[Directions for this task]:
For the listing below, return the line containing "Black & Leopard", the line containing "Nhà Sàn Bên Suối", and all lines in between, exactly as written and nothing else.

** Records to use follows **

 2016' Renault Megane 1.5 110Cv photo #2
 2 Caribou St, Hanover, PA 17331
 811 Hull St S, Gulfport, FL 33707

** End of Records to use **
** Records to use follows **

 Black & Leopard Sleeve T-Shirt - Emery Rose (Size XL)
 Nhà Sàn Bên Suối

** End of Records to use **

[Exercise solution]:
 Black & Leopard Sleeve T-Shirt - Emery Rose (Size XL)
 Nhà Sàn Bên Suối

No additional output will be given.